The first objects I encounter as I enter the exhibition are three statues from the Musée Guimet in Paris, dating from Buddhist times but showing a definite Hellenistic influence. You can’t miss them; the way they are presented in the floodlights against a black background instantly gives you a taste of what to expect. This tremendous high relief of a Genius with Flowers from the 4th-5th century AD was found in the Buddhist monastery of Hadda in remote northern Afghanistan, yet still magnificently Hellenistic.

At a right angle, right in front of me, stands a showcase filled with one hundred Buddhist heads, sorted by size, i.e., the smaller ones on the lower steps and the bigger ones at the top. It is a fascinating group, for all the heads are different, and as I take a closer look at each and every one of them, either at eye level or from the side, I see how they stare back at me or ignore me, looking away in an absent glance. I take my time to inspect and admire each face, some more Hellenistic than others, with a more elongated or rounder face, longer ears, closed eyelids, or just peeping at us visitors. All in all, an amazing group!

From here, the way leads to the movie theater, where this French documentary is shown about their exploration and excavations in the magnificent Afghan landscape. It is well documented with clear maps and a captivating view behind the scenes – absolutely worth watching. 

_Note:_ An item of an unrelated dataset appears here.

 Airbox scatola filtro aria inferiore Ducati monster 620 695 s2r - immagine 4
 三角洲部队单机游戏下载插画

The oldest finds (2,000 BC) come from Tepe Fullol. There are only a handful of gold bowls and beakers made of thinly beaten gold that somehow reminds me of old Mycenae and the death mask of Agamemnon. Archaeologists disagree about the origins of this form of art, and the link to other cultures remains obscure. To complicate things, most of the treasures had disappeared, first because the gold was split up between the local tribal chiefs of Northern Afghanistan when it was discovered, and secondly, because the entire collection at the Museum of Kabul fell apart. These pieces are a little out of the way. That is unfortunate, for they deserve better after being hidden for four thousand years, don’t they?

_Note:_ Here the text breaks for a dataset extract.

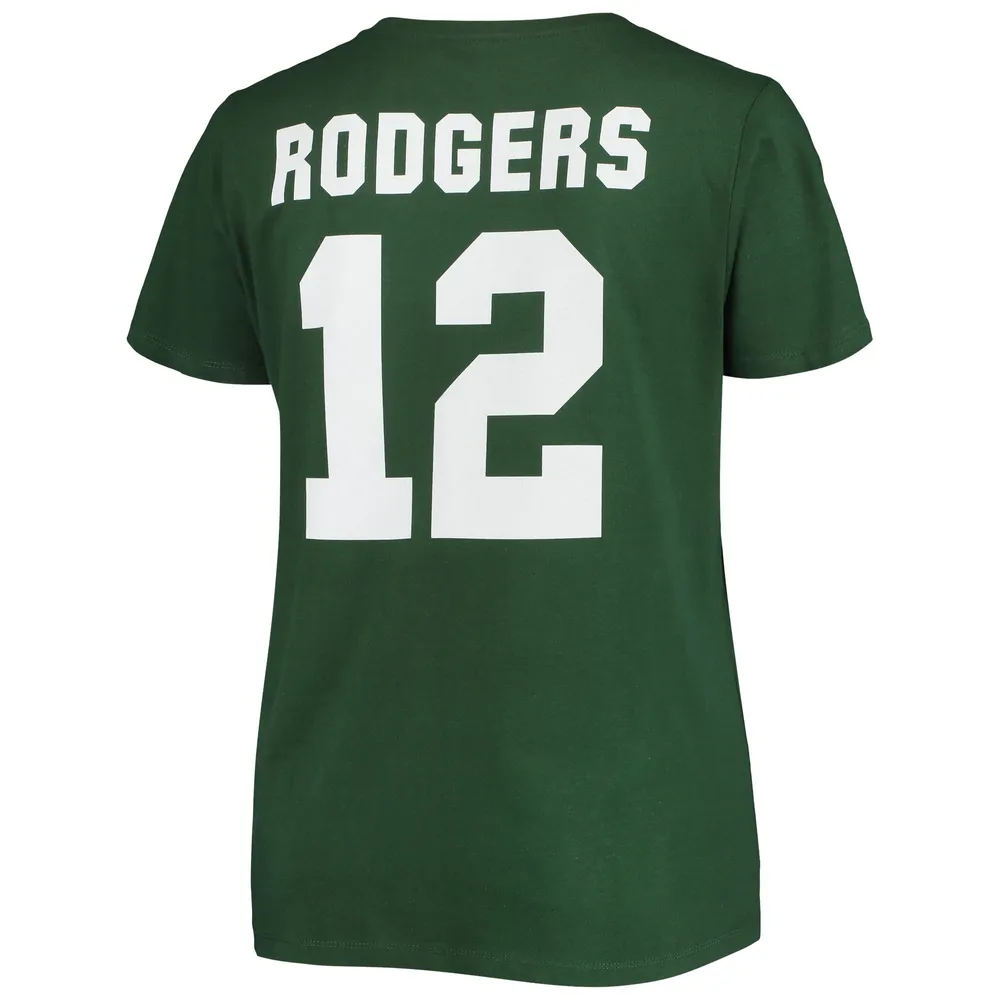 Nike Women's Nike Aaron Rodgers Green Green Bay Packers Name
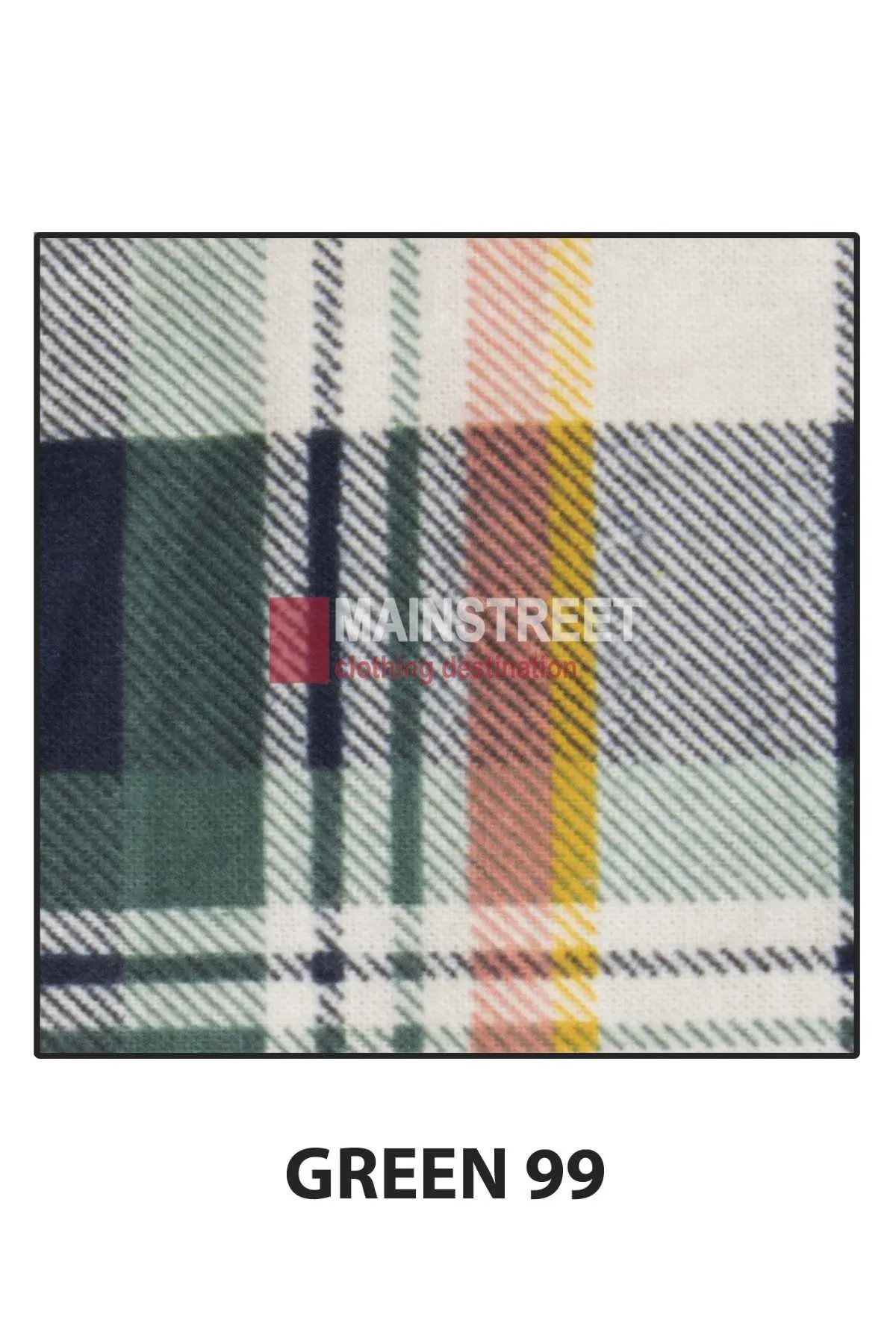 Milton Closed Front Flannelette Shirt - 3XL-4XL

The section about Ai-Khanoum is the most important one, at least in my eyes, for it is the reason for my visit, as this city was built in the wake of Alexander the Great’s conquest of the area in 328-327 BC. I am very much impressed by the idea of discovering this Hellenistic city at the banks of the Amu Daria River (modern Oxus River), complete with a Gymnasium, Citadel, Theater, and temples. It is not as evident as it would seem! The Greeks even built a Palace here. It is unlike anything else, for they never had a king to build it for. This one is based on the Persian model but decorated in Greek style with monumental Corinthian capitals on top of the columns and flat roofs with the so-called antefix decorations at the edge. A capital and several antefixes are on display here, together with objects like a water jet in the shape of a theatrical mask, a couple of sundials (which I didn’t expect to find here at all), a Hellenistic Hermes pillar of high quality from the Gymnasium; a face of either a man or a woman; bronze decorative elements; etc.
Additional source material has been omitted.